*ABOUT THIS TASK:* From the line with "机场女孩乘飞机旅行矢量插画" to the final line, print the records exactly as they are.

(Web page caption snippets)
"""

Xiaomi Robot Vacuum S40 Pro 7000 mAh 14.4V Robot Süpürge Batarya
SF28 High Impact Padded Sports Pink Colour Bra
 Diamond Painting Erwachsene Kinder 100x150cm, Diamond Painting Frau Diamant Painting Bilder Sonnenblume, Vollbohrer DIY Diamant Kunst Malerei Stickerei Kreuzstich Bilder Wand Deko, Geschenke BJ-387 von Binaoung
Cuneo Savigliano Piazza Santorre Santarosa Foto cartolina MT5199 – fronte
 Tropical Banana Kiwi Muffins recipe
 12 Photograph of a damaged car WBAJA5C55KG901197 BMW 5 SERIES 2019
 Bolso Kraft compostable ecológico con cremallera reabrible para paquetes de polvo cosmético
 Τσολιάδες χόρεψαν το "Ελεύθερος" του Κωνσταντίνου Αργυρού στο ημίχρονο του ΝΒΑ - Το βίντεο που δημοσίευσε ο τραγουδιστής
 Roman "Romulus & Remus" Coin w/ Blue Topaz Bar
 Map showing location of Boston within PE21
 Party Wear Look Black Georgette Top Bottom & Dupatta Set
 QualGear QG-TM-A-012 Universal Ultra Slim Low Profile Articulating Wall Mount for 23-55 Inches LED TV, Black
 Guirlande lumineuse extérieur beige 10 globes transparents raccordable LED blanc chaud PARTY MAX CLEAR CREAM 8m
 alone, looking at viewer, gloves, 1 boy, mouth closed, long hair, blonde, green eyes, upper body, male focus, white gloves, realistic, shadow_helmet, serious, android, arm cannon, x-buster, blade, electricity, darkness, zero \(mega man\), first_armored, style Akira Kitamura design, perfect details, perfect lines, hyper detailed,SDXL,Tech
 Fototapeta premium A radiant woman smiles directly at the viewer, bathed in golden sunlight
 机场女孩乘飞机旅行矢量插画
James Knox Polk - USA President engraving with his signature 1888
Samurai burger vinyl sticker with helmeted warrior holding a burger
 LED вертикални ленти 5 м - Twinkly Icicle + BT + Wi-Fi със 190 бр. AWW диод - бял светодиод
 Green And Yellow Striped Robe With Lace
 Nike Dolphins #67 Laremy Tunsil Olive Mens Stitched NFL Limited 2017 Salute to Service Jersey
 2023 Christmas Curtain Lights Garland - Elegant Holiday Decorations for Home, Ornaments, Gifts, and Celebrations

"""

*SOLUTION:*
 机场女孩乘飞机旅行矢量插画
James Knox Polk - USA President engraving with his signature 1888
Samurai burger vinyl sticker with helmeted warrior holding a burger
 LED вертикални ленти 5 м - Twinkly Icicle + BT + Wi-Fi със 190 бр. AWW диод - бял светодиод
 Green And Yellow Striped Robe With Lace
 Nike Dolphins #67 Laremy Tunsil Olive Mens Stitched NFL Limited 2017 Salute to Service Jersey
 2023 Christmas Curtain Lights Garland - Elegant Holiday Decorations for Home, Ornaments, Gifts, and Celebrations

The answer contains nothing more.